Language Model Can Listen While Speaking
Ziyang Ma, Yakun Song, Chenpeng Du, Jian Cong, Zhuo Chen, Yuping Wang, Yuxuan Wang, Xie Chen
2024-08-06

Summary
This paper introduces a new model called the Listening-while-Speaking Language Model (LSLM), which allows AI systems to listen and speak at the same time. This makes conversations with computers more natural and interactive.
What's the problem?
Most current speech language models can only respond after a person finishes speaking, which can feel awkward and slow. This turn-based interaction limits how effectively people can communicate with AI, especially when they want to interrupt or ask questions in real-time.
What's the solution?
The authors developed LSLM, which uses a technique called full duplex modeling (FDM) to enable simultaneous listening and speaking.
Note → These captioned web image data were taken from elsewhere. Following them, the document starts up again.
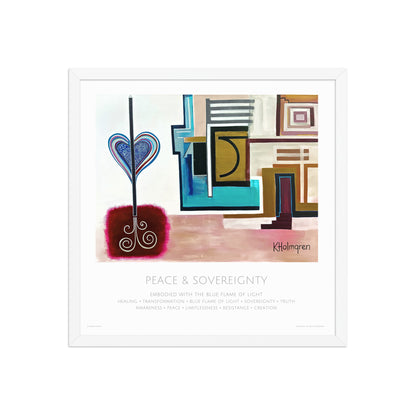 A framed art print titled 'PEACE & SOVEREIGNTY' by Kholmgren, featuring an abstract geometric design with a blue heart-shaped tree and modern architectural shapes in blue, beige, brown, and red, set against a clean white background.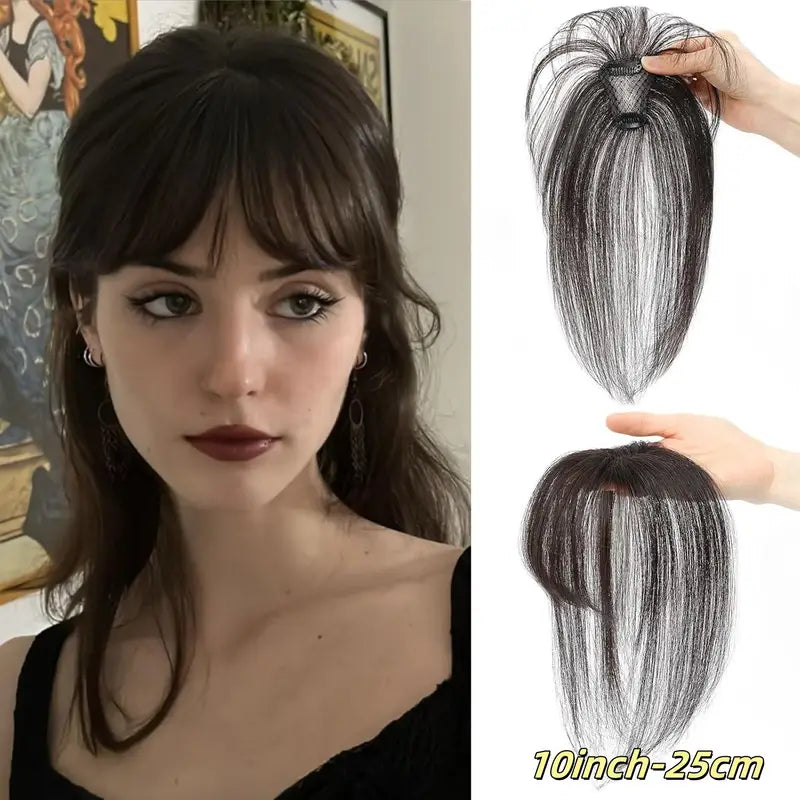 10-Inch Clip-In Wispy Air Bangs Hairpiece - 100% Real Human Hair 360° Coverage, Natural Look Straight Hair Topper with Easy Clip-In Application & Natural Hairline for Women - Daily Wear Hair Styling, Quick Hairstyle Change, Seamless Blend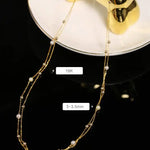 18K Yellow Gold & Natural Akoya Golden Pearl From Japan Necklace, Handmade Beaded Pearl Two Layer Necklace, Seawater Yellow Pearl, Gift Idea Etsy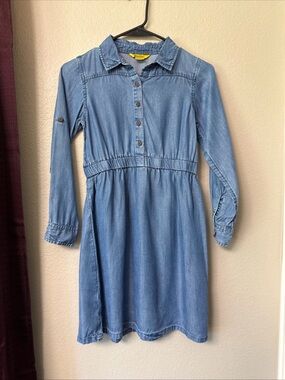 #800 Globaldesi Girls Long Sleeve Chambray Dress Size 11/12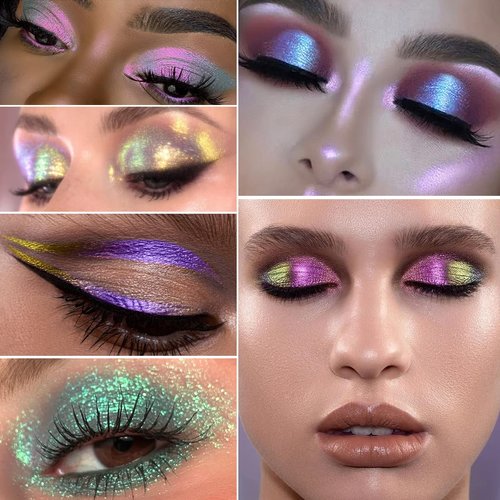 oygcee Holographic Shimmer Liquid Eyeshadow Makeup White to Gold Color,Multichrome Metallic Glitter Liquid Eyeshadow For Eyes Makeup,Long Lasting,Quick Drying,# 7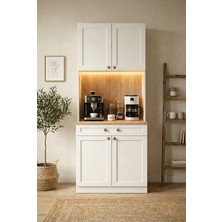 Vesso Vega Kahve Köşesi Dolabı 90 cm | %100 Mdf | Dokunmatik LED Aydınlatmalı | Membran Kapak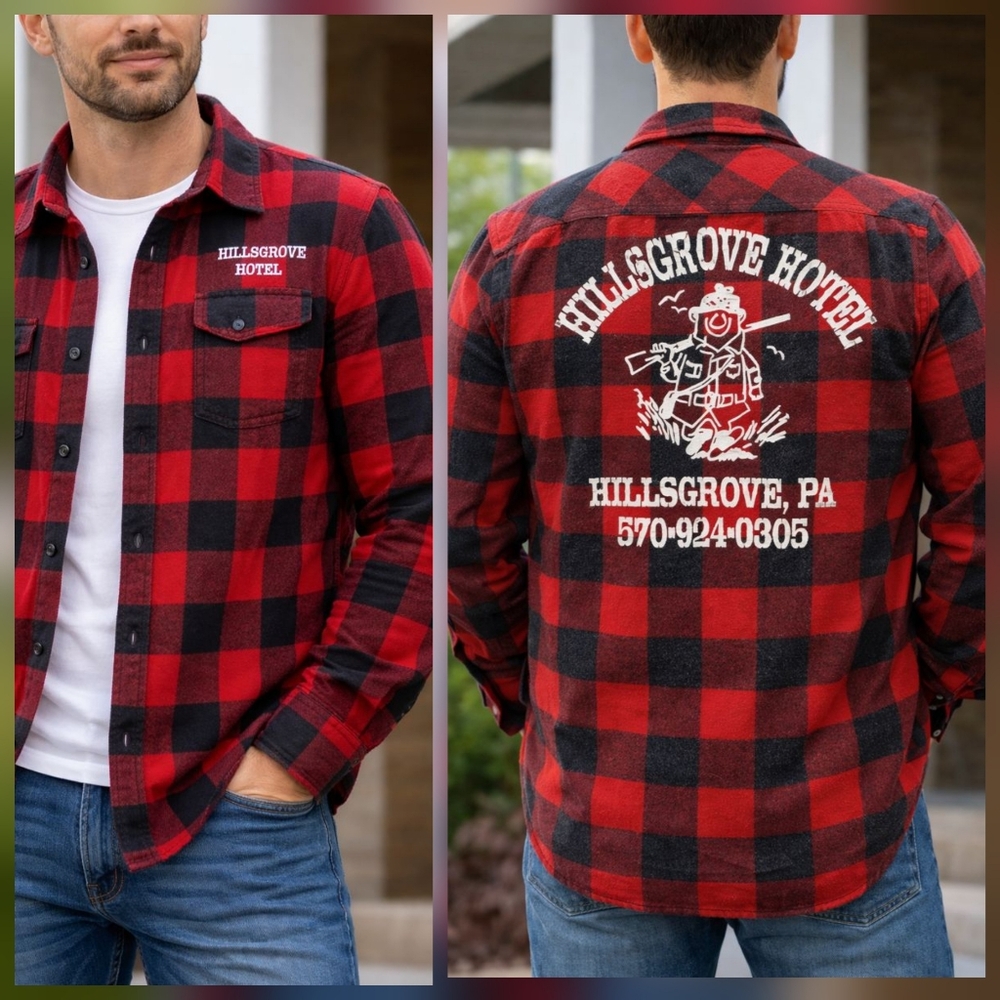 Vintage Style Hillsgrove Hotel Flannel Red & black Buffalo Plaid Button Up Shirt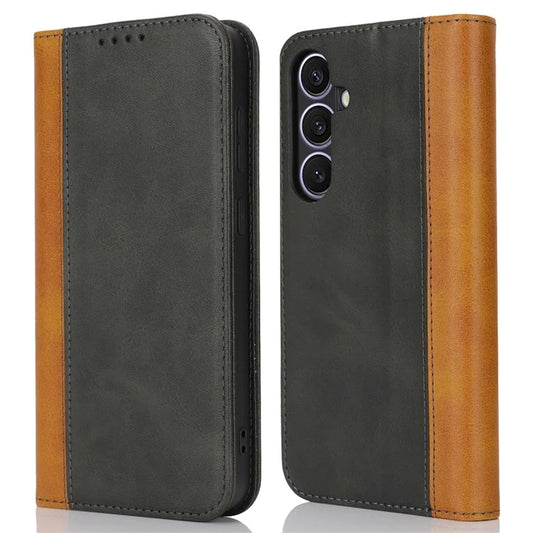 For Samsung Galaxy S24+ Case Calf Texture 3 Card Slots Color Splicing Leather Phone Cover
This model has two main parts: one for generating speech and another for understanding audio input. They tested three different ways to combine these functions—early fusion, middle fusion, and late fusion—and found that middle fusion worked best for balancing speech generation and real-time interaction. The model can handle interruptions and works well even in noisy environments.
Why it matters?
This research is significant because it enhances human-computer interaction by making conversations with AI more fluid and responsive. By allowing real-time interruptions and interactions, LSLM can improve applications like virtual assistants, customer service bots, and other voice-activated technologies, making them more user-friendly and effective.
Abstract
Dialogue serves as the most natural manner of human-computer interaction (HCI). Recent advancements in speech language models (SLM) have significantly enhanced speech-based conversational AI. However, these models are limited to turn-based conversation, lacking the ability to interact with humans in real-time spoken scenarios, for example, being interrupted when the generated content is not satisfactory. To address these limitations, we explore full duplex modeling (FDM) in interactive speech language models (iSLM), focusing on enhancing real-time interaction and, more explicitly, exploring the quintessential ability of interruption. We introduce a novel model design, namely listening-while-speaking language model (LSLM), an end-to-end system equipped with both listening and speaking channels. Our LSLM employs a token-based decoder-only TTS for speech generation and a streaming self-supervised learning (SSL) encoder for real-time audio input. LSLM fuses both channels for autoregressive generation and detects turn-taking in real time. Three fusion strategies -- early fusion, middle fusion, and late fusion -- are explored, with middle fusion achieving an optimal balance between speech generation and real-time interaction. Two experimental settings, command-based FDM and voice-based FDM, demonstrate LSLM's robustness to noise and sensitivity to diverse instructions. Our results highlight LSLM's capability to achieve duplex communication with minimal impact on existing systems. This study aims to advance the development of interactive speech dialogue systems, enhancing their applicability in real-world contexts.